Радикала Бертмана было не узнать: никаких сногсшибательных переакцентировок оригинала, никакой жажды удивить во что бы то ни стало. Еще недавно он представлял публике Аиду, не пришедшую в смертное подземелье к Радамесу, дешевую проститутку Виолетту, обслуживавшую в очередь отца и сына Жермонов, беременную Сантуццу, сюрпризы в виде вытянутых из забвения оперных фрагментов, отвергнутых самими авторами. И вдруг — тактичная режиссура, желающая проникнуть в тонкости уртекста и памятующая о чеховском ружье, которое, если уж вывешено в начале, должно обязательно выстрелить в конце. Что так? Девять лет назад эти «Похождения повесы» делались для Финской оперы, которая центром оперных экспериментов никогда не слыла. На ожидания местной публики, по всему, и была ориентирована работа. Теперь лидер «Геликона» решил повторить ее почти дословно в своей вотчине. И тем удивил вновь (читай начало абзаца).

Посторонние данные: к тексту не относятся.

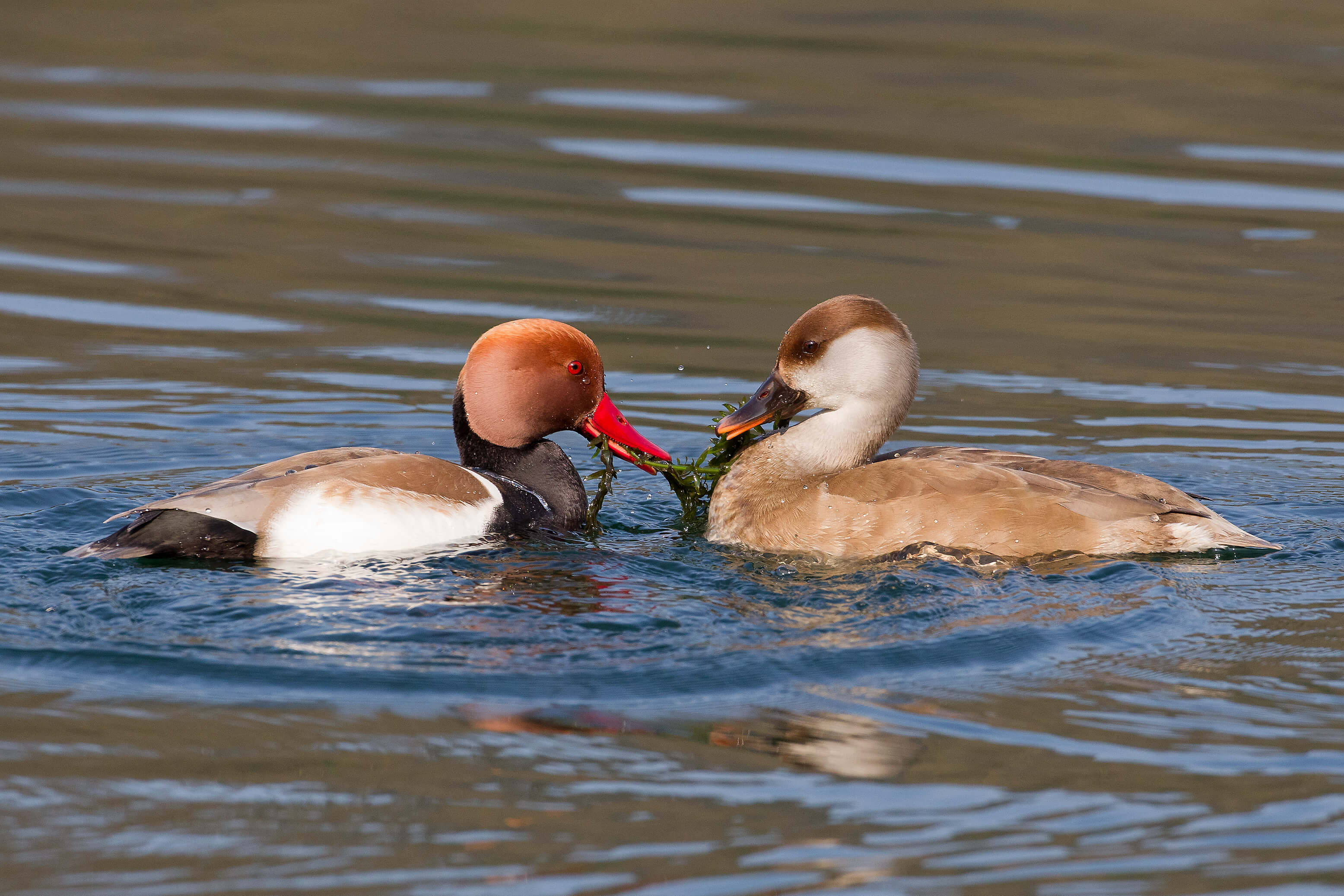Fistione Turco Raro E Dal Piumaggio Esotico La Rivista Della Natura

А праздным – вниз и налево

Как всякое моралите, эта история по идее проста, ясна и завершается таковым же назиданием: без труда не выловишь и рыбку из пруда, а витаешь в облаках, полагаешься на Фортуну — ждет тебя пике на адскую сковородку. Что сценограф Хартмут Шоргхофер и засвидетельствовал, придумав в качестве визуального символа постановки эстакаду с крутым съездом на поворотный круг. С другой стороны, конкретно это моралите перекочевало к нам не из Средневековья, а из ХХ века и приодетое в яркие одежды постмодернизма. Сам писк моды на эклектизм, иронию, игру в смыслы и стили с прямым цитированием раздастся лет через десять после появления опуса Стравинского — Одена (и примкнувшего к ним Коллмена). Но гениям дан дар предвидения. Только этим, пожалуй, и объяснишь, как, не думая, не гадая, вылепили авторы своего «Повесу» причудливой по форме штучкой из недалекого будущего, провоцирующей, как и положено постмодернизму, на постановочные безумства. Однако в нашем случае таковые проявились лишь в костюмном гротеске: фижмы и камзолы галантного века мешались в одном гардеробе с эротическим бельем из «коллекций» наивульгарнейших борделей наших дней, все это местами припорашивалось готическим нуаром и дополнялось «аксессуарами» вроде микрофона и ноутбука. Обозначив этак вневременной характер своей истории, дальше режиссер пойдет в полупоклоне перед авторами, чутко вслушиваясь в перемены сюжетной тональности.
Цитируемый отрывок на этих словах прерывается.